> [Records excerpted from a collection]

━━━━━━━━━━━━━━━━

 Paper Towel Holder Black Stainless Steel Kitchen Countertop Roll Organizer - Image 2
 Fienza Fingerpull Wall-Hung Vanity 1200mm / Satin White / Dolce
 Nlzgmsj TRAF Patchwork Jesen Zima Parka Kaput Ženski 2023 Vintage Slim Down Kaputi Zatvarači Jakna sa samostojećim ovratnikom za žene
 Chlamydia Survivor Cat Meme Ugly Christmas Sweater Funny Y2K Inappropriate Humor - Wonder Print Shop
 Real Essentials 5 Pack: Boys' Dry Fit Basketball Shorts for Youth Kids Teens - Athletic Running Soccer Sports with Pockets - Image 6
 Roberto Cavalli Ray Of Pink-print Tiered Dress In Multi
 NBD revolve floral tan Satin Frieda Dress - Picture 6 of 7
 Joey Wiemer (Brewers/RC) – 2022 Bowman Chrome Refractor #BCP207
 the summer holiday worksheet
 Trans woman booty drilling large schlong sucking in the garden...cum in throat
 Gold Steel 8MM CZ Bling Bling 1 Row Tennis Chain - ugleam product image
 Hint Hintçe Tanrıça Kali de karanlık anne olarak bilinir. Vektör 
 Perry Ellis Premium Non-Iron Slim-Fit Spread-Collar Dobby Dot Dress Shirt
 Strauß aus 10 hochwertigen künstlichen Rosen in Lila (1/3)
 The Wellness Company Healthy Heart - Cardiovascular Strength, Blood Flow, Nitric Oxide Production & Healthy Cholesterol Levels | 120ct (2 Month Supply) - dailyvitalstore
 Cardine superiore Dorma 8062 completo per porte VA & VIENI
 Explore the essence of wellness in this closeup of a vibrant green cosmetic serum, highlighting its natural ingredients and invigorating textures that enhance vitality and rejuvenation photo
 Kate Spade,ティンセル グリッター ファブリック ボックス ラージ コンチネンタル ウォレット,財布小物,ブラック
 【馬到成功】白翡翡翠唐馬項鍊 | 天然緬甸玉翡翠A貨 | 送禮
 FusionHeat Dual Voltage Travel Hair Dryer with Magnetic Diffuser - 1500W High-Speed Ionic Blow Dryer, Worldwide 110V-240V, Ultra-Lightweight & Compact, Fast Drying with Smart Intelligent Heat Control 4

━━━━━━━━━━━━━━━━

> [Try it] The expected answer is every line in the data above that carries the string "with".

> [Response]
 Real Essentials 5 Pack: Boys' Dry Fit Basketball Shorts for Youth Kids Teens - Athletic Running Soccer Sports with Pockets - Image 6
 FusionHeat Dual Voltage Travel Hair Dryer with Magnetic Diffuser - 1500W High-Speed Ionic Blow Dryer, Worldwide 110V-240V, Ultra-Lightweight & Compact, Fast Drying with Smart Intelligent Heat Control 4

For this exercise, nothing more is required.